Publicado em 28 de Março, 2007, por Rui Seabra

Por volta das 16h de hoje, foi publicado o terceiro rascunho da terceira versão da GNU GPL. Este processo de revisão da mais popular das licenças de foi formalmente iniciado em Janeiro do ano passado com o objectivo de actualizar a licença por forma a garantir que os utilizadores continuam a estar livres para utilizar, estudar, modificar e distribuir software, apesar de novos métodos de restrição não previstos pelo texto actual, em particular o DRM (Digital Restrictions Management), e da evolução das leis de direito de autor, ao longo dos seus 15 anos de vida (desde a segunda versão).
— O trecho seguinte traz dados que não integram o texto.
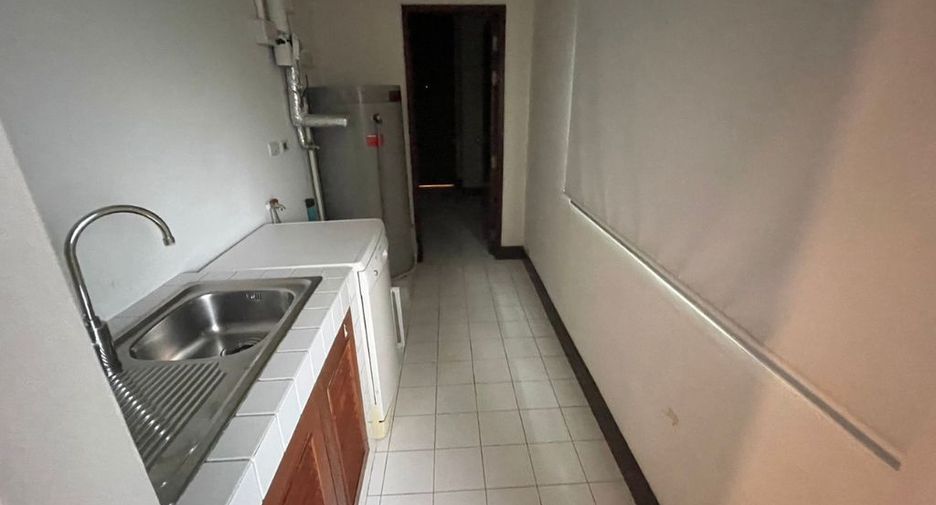 For rent 3 bedrooms apartment in Pathum Wan, Bangkok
O desenvolvimento da nova versão da GNU é colaborativo. No site http://gplv3.fsf.org/ foi montado um sistema interactivo de comentários no qual têm participado imensos utilizadores, programadores, membros da comunidade jurídica, e todos aqueles que se registaram e participaram. Para além do sistema de comentários, têm decorrido conferências internacionais e locais sobre a GNU GPL versão 3 abertas ao público, culminando em duas versões após a original, a mais recente hoje publicada, com as habituais explicações das alterações.
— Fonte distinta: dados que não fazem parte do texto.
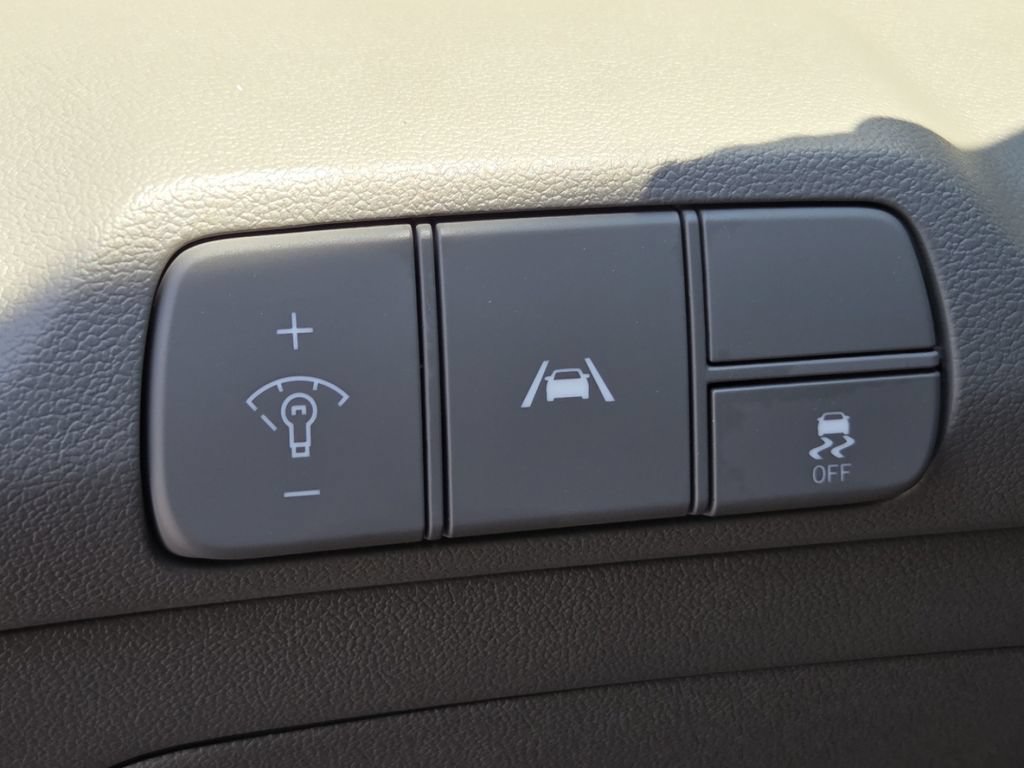 Used 2023 Hyundai Elantra SEL FWD image 13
Apesar de em princípio ser o último rascunho, ainda é possível comentar sobre o texto do rascunho durante mais uns meses, logo nada melhor que exprimir as opiniões sobre a redacção da futura licença de uma forma produtiva, quer se goste por inteiro ou apenas de algumas secções, o resultado final depende da colaboração de todos.

As medidas contra o , ou medidas tecnológicas similares, têm causado alguma polémica, mas sobretudo derivada de falta de informação, bem como alguma distorção da mesma. Bruce Perens esclarece: «A GPL3 não proíbe o DRM, nem exige que seja inseguro ou não confiável. O que exige é que o DRM não não quebre o software licenciado sob a GPL, ou que o feche a sete chaves, e tem de continuar a ser capaz de tocar conteúdos multimédia apesar do software ter sido modificado.»

Apesar de estar prevista para finais do ano passado ou início de 2007, uma nova forma de restringir os direitos dos utilizadores veio à luz com o acordo Microsoft-Novell, onde a Microsoft promete não atacar programadores contractados pela Novell ou utilizadores da sua distribuição de GNU/Linux, o “Suse Enterprise Linux”, pelo que encontrando-se em processo de revisão, seria oportuno incluir na GNU GPL provisões que impedissem este tipo de acordos prejudiciais à comunidade, atrasando a sua publicação.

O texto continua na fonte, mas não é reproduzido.